> [Aim of the task]
Line by line, repeat the material below exactly and leave the images out.

> [Supplied data]
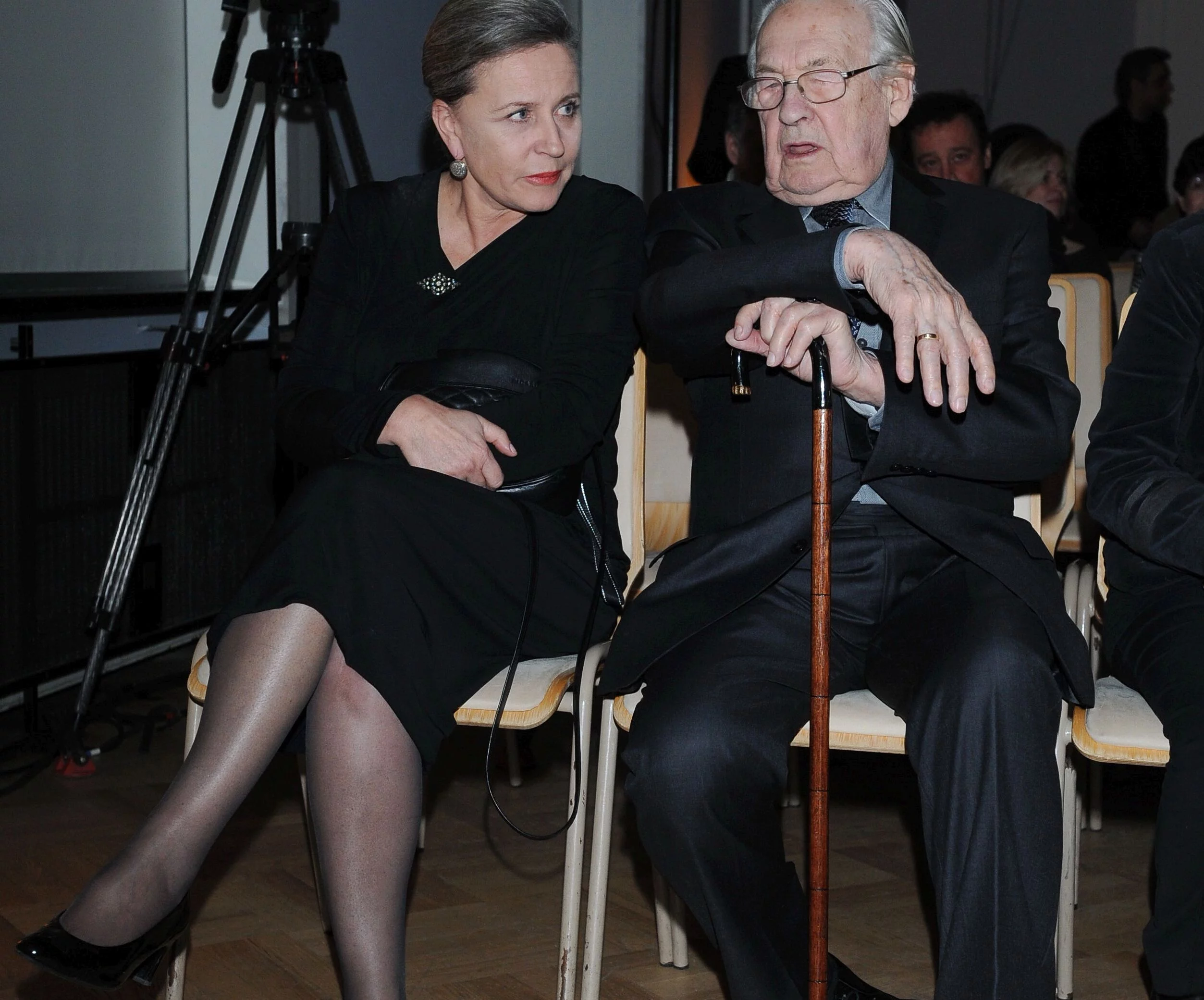 Krystyna Janda i Andrzej Wajda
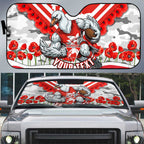 Personalised Sydney Swans ANZAC Auto Sun Shade Military Remembrance Australian Football Mascot Camouflage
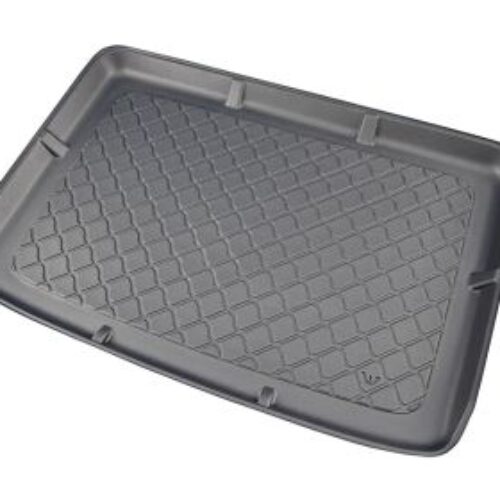 Гумирана стелка за багажник за Skoda Yeti (2009-2017) Hatchback 5d upper boot (with a full size spare tire)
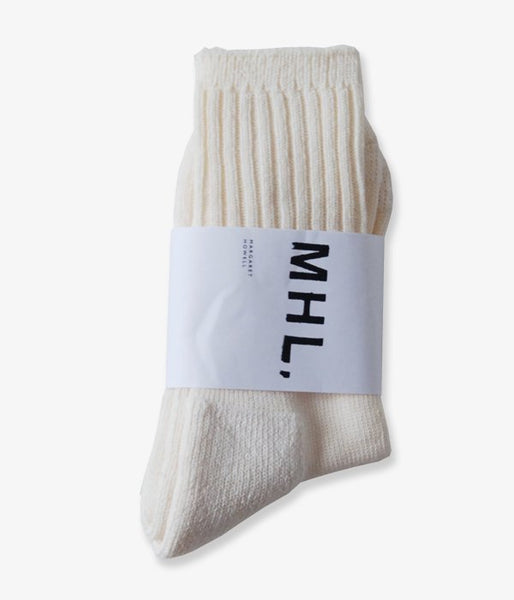 MHL./MILITARY SOCK(WHITE)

> [Solution for this task]
 Krystyna Janda i Andrzej Wajda
 Personalised Sydney Swans ANZAC Auto Sun Shade Military Remembrance Australian Football Mascot Camouflage
 Гумирана стелка за багажник за Skoda Yeti (2009-2017) Hatchback 5d upper boot (with a full size spare tire)
 MHL./MILITARY SOCK(WHITE)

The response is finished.